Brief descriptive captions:
--

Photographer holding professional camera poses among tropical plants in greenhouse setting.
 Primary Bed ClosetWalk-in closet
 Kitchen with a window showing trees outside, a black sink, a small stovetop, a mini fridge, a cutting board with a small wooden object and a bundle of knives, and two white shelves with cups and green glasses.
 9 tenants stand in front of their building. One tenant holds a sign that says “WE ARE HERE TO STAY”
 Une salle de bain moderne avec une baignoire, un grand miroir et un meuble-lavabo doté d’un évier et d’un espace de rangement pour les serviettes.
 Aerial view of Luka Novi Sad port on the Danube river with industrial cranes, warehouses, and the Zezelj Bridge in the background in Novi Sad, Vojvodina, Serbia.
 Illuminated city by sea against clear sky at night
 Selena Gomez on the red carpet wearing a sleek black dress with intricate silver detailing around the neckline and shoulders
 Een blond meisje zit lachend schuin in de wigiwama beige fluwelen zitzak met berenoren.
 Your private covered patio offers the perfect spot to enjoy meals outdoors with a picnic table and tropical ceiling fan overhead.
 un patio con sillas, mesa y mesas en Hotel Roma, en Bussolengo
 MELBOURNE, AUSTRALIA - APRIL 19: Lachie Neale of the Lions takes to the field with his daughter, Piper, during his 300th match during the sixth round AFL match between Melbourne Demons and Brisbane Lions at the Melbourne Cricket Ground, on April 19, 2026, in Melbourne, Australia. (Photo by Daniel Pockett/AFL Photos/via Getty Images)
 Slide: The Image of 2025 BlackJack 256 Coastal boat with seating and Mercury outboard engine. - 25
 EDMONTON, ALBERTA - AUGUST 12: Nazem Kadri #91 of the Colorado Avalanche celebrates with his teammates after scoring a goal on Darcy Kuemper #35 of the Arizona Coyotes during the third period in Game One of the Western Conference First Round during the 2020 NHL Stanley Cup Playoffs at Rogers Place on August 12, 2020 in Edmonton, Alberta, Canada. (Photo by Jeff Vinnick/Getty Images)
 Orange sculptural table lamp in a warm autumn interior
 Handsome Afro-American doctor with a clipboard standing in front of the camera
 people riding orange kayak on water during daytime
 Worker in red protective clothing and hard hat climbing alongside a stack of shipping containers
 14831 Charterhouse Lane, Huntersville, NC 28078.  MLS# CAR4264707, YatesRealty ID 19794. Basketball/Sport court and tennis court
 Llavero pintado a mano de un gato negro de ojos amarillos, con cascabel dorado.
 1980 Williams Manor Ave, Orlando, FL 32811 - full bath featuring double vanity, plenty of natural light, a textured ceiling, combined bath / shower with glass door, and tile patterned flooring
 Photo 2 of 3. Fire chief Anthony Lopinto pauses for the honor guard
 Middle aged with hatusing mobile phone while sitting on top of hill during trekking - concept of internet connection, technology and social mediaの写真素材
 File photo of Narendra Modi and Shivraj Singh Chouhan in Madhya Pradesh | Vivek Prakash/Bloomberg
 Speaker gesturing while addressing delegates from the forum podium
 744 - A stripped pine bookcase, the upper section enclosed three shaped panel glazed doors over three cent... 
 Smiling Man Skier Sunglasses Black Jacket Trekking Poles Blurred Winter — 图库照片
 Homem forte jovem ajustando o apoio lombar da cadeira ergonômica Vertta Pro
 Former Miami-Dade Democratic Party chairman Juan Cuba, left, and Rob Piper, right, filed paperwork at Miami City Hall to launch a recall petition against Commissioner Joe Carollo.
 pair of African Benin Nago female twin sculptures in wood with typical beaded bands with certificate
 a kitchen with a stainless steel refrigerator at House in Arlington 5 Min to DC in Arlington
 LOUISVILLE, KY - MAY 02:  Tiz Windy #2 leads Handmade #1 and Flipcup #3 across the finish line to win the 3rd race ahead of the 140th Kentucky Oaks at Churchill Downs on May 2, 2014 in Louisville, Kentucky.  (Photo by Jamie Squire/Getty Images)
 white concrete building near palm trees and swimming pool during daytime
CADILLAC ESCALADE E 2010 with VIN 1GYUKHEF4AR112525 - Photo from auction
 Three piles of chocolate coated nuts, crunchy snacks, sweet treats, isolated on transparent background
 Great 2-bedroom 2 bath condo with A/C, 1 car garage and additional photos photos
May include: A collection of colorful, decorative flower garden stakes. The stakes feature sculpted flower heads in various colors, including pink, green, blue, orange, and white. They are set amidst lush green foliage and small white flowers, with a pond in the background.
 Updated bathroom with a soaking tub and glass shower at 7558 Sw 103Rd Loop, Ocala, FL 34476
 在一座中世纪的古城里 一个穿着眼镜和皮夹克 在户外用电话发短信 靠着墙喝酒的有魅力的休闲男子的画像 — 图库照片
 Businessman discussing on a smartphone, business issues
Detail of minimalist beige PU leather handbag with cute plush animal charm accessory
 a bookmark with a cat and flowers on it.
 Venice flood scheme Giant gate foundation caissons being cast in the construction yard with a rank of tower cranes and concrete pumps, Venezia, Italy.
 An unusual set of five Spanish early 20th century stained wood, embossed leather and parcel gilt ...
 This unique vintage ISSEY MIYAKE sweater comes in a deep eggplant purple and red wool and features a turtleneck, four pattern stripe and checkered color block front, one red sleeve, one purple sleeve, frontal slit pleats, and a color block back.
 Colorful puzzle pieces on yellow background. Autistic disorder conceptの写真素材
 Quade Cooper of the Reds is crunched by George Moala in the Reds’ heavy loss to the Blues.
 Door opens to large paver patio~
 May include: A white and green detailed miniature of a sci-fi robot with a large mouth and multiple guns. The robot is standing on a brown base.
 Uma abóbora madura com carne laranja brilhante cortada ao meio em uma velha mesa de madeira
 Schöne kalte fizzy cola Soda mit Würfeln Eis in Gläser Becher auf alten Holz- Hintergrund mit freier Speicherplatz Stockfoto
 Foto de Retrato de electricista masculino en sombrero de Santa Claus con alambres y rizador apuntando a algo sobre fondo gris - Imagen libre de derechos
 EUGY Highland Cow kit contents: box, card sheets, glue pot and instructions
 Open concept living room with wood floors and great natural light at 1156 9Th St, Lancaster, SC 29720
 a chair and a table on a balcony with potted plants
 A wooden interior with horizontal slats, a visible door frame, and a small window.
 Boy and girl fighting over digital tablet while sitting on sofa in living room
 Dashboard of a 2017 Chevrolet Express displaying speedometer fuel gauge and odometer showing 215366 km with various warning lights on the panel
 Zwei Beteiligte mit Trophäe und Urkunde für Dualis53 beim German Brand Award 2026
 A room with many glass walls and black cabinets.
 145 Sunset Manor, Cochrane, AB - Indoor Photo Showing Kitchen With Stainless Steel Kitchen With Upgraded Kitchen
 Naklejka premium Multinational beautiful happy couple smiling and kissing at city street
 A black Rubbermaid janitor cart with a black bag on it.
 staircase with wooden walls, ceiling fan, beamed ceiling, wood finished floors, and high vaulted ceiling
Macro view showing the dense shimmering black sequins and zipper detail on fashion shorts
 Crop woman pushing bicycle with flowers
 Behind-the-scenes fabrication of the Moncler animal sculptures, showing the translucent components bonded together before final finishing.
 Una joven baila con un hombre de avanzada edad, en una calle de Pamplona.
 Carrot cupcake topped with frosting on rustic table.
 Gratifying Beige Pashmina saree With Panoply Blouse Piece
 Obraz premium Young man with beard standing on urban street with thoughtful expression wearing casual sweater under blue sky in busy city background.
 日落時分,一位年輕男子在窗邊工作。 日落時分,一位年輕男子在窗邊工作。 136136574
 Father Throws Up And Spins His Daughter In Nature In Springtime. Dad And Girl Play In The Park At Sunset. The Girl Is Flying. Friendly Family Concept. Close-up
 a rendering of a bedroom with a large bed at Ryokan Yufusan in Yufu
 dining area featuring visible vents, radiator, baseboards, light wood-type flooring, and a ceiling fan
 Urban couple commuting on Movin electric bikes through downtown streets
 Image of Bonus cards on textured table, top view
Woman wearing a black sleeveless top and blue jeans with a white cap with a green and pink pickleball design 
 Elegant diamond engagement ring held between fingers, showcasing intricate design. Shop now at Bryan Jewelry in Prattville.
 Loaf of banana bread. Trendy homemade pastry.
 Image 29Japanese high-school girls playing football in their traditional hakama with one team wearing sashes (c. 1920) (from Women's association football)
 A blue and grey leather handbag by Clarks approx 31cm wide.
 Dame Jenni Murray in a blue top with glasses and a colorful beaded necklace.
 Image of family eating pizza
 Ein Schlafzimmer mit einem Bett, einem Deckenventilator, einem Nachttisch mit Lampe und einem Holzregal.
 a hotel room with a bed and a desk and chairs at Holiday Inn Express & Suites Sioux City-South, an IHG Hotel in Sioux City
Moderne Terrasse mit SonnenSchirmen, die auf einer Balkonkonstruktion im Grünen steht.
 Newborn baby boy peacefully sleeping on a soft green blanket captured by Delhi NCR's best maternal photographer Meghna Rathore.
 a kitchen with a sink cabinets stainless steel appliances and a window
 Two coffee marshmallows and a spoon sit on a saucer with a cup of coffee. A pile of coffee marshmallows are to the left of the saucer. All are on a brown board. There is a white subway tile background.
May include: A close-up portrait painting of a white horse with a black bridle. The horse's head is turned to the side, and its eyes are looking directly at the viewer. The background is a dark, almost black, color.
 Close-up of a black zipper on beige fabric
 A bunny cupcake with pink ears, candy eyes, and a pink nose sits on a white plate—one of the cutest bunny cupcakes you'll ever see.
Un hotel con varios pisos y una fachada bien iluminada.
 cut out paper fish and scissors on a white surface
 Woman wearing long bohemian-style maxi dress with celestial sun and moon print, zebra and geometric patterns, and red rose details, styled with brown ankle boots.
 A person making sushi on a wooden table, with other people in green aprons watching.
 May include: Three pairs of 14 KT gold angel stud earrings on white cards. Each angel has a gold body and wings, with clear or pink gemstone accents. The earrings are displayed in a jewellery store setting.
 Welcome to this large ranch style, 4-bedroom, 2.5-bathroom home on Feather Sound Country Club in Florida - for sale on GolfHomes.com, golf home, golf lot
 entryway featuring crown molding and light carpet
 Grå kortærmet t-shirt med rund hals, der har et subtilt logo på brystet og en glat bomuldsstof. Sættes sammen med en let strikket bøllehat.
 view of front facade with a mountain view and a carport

--

= Exercise aim =
With "sitting" as the string to find, copy every line of the records that holds it.

= Solution to this task =
 Middle aged with hatusing mobile phone while sitting on top of hill during trekking - concept of internet connection, technology and social mediaの写真素材
 Boy and girl fighting over digital tablet while sitting on sofa in living room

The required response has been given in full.